Arriva all’assurdo l’egocentrismo del consigliere comunale di opposizione Daniele Mancini, che ritiene di essere il centro e il fulcro dell’agire della Redazione del Clandestino giornale. Ogni articolo, ogni informazione diffusa dal nostro giornale, persino le domande rivolte alla nostra redattrice da una cittadina e una risposta di cortesia, diventano ulteriore motivo di attacco personale e professionale da parte del consigliere alla Redazione e alla giornalista Elisabetta Bonanni.
La cosa più vergognosa è usare la Redazione di un giornale per portare avanti una battaglia politica, almeno di facciata, contro questa Amministrazione comunale. Mancini arriva ad affermare che il Clandestino giornale ha realizzato degli articoli per replicare alle sue comunicazioni. Niente di più falso. Rassicuriamo il consigliere Mancini, come abbiamo avuto modo di fare direttamente anche in passato: le sue comunicazioni non sono il nostro primo pensiero. E neanche il secondo.

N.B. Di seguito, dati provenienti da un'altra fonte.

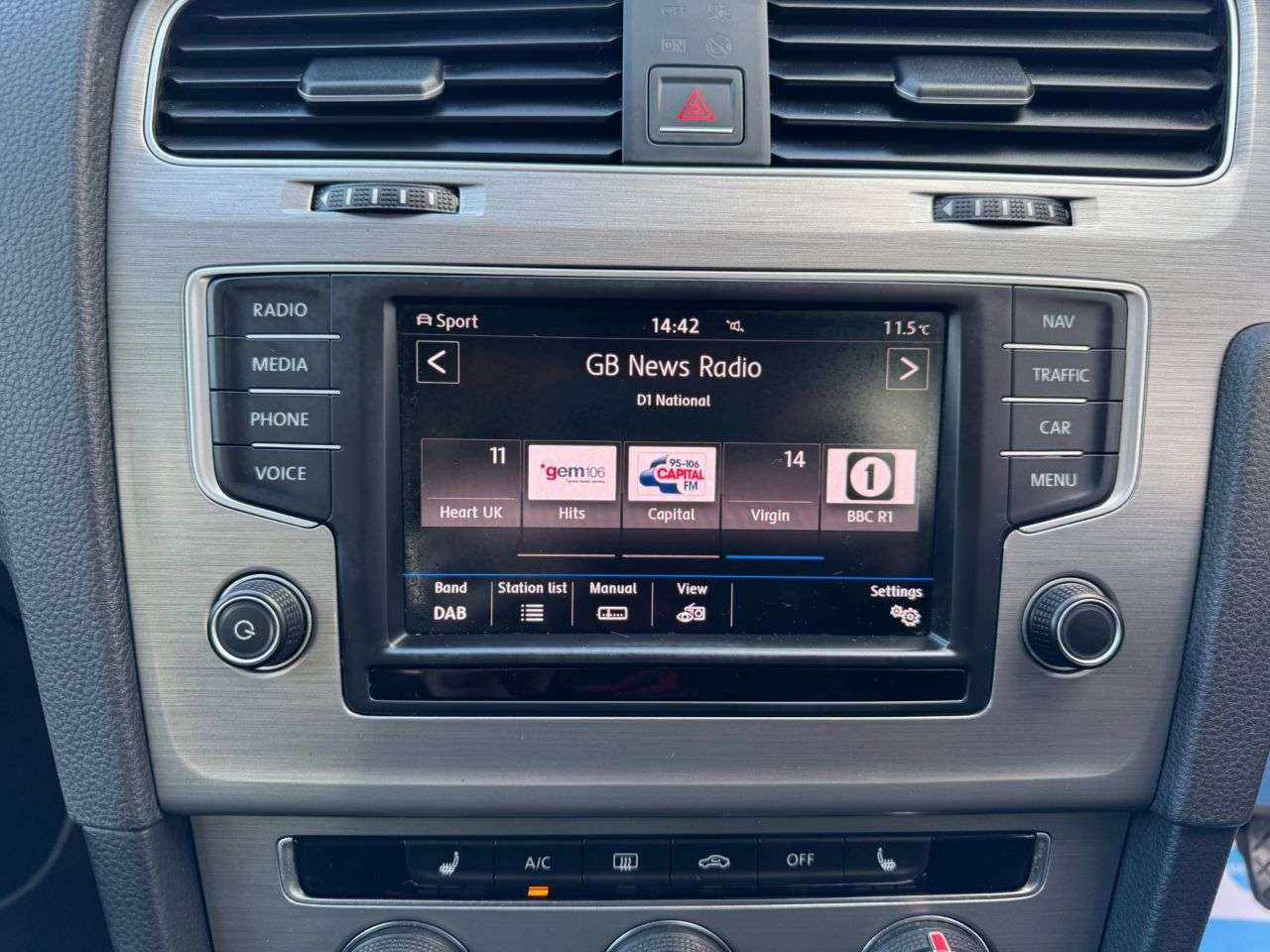 2017 VOLKSWAGEN GOLF 2017 VOLKSWAGEN GOLF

La Redazione del Clandestino è composta da personale ridotto che si impegna al massimo per offrire una comunicazione verificata e affidabile, ha come faro del suo progetto comunicativo di dare primaria importanza alle notizie di cronaca. Il resto ha la nostra massima attenzione, nel tempo che resta. Non ci interessa rispondere alle domande poste dal consigliere Mancini, né alle sue richieste, né alle sue elucubrazioni e nemmeno alle accuse che muove a questa maggioranza che ha tutti i mezzi per difendersi da sola e che spesso invece non si dà pena di replicare alle comunicazioni, sempre aggressive del consigliere. Il nostro punto di riferimento sono i lettori.
Quello che invece sembra emergere è che il consigliere Mancini, lasciata la ribalta del ruolo istituzionale di vice Sindaco, soffra una inevitabile carenza di attenzione da parte della stampa ma anche degli avversari politici, probabilmente molto più impegnati a confrontarsi sulla crisi di maggioranza ancora in corso che sulle esternazioni di un consigliere che è in minoranza anche all’opposizione.
Consigliere Mancini il Clandestino giornale e la giornalista Elisabetta Bonanni sono liberi di fare informazione e continueranno a farlo nonostante i suoi attacchi e i suoi tentativi di intimidazione. Non ci facciamo mettere il bavaglio da nessuno. Non è la prima volta che la politica cerca di zittire e sminuire la stampa che ritiene arbitrariamente nemica, ma noi siamo pronti ad agire e reagire, in ogni sede, a tutela del nostro lavoro e della nostra professionalità.